Barentsburg (Баренцбург) is the only remaining Russian settlement in Svalbard.

Understand[edit]

Barentsburg is named after Dutch explorer Willem Barentsz, who discovered Svalbard in 1596. The Svalbard Treaty of 1920 gave the previously unclaimed islands to Norway but allowed any country to perform mining and other economic activity. The Russian state-owned Trust Arktikugol has been mining coal here since 1932, and during the Cold War Barentsburg was a hotbed of activity as the Russians attempted to expand their zone of control over the islands. After Pyramiden was closed in 1998, Barentsburg has been the only Russian settlement still operating, with some 470 inhabitants as of 2015, and some 100,000 tons of coal exported yearly. The mine closed in 2006 after concerns about the risk of an underground fire, but resumed production in late 2010.
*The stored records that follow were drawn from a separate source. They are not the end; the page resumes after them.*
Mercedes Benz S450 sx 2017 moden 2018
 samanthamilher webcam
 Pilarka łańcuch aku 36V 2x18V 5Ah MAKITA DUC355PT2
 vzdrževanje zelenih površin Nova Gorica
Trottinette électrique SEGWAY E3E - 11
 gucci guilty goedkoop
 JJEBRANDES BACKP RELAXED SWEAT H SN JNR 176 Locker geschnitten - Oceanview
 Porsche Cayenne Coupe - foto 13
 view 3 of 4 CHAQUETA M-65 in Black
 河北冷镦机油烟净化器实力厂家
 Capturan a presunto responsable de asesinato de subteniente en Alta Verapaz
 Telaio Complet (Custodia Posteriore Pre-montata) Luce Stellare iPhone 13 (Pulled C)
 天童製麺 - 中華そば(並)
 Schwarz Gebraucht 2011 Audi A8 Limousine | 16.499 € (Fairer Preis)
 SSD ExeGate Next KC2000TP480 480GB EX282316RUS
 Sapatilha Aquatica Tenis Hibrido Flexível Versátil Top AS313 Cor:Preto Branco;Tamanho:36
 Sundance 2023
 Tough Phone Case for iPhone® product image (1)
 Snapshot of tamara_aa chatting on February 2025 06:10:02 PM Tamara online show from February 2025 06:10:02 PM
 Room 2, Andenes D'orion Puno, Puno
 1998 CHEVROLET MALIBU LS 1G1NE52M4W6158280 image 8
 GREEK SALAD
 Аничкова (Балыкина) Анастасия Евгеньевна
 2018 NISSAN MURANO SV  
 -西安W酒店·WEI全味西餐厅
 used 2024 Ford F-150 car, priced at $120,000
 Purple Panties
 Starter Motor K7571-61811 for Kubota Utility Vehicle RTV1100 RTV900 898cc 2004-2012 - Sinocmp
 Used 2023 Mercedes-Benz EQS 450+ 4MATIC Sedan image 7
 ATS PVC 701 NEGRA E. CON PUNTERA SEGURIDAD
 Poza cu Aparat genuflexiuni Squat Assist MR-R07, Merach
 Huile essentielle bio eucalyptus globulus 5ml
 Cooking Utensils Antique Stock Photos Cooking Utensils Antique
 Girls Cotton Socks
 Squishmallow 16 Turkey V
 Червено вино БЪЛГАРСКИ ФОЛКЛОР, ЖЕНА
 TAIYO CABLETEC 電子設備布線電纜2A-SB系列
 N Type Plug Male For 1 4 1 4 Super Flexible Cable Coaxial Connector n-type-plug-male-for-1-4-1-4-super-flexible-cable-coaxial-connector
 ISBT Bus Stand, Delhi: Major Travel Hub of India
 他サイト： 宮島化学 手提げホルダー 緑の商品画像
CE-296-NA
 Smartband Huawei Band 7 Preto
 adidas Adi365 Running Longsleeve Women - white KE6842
The settlement used to be home to over 1,000 people, so many buildings are no longer inhabited, and some are left to decay. It has a truly stunning setting. When the weather is clear enough to see across the Isfjord, and the black smoke rises from by the old coal power plant, the visit will leave a strong impression on the few who visit.

Get in[edit]

The docks at Barentsburg.

By plane[edit]

Barentsburg has a 1 heliport operated by the Russian company SPARK+ with one Mi-8 helicopter. Trust Arktikugol can only use the helicopter service within the limits of its activities as a mining company, and chartered tourist transport is not permitted. The flight between Longyearbyen Airport and Barentsburg is about 15 minutes. The heliport is located around 4 km from Barentsburg. There is a road there where a minibus transports the travellers.

By boat[edit]

Most visitors arrive from Longyearbyen on daytrips (2–3 hours one way by boat). The sailing season is from March to November. In summer, there are also occasional cargo and passenger boats to Murmansk on the Russian mainland (3 days).

By foot[edit]

There are no roads to Barentsburg, and it's two days' solid hiking from Longyearbyen to Barentsburg in the summer. The easiest way (starting from Longyearbyen) is to head off from the end of the road in Bjørndalen, go up on the mountain of Fuglefjella, continue past the valley of Grumant and descend to the coast along a small creek after 2-3 km. The hike should take about 6–7 hours. The night can be spent in either the Rusanov cabin outside of the old mining settlement of Coles Bay (closed in 1962) or in one of the buildings of Coles Bay (recommended in summer only). The next day is a slightly longer hike (7–9 hours), but in flat terrain, crossing the Coles Valley and continuing along Kapp Laila before arriving the heliport at Heerodden outside Barentsburg. There is a road from Heerodden to the settlement itself.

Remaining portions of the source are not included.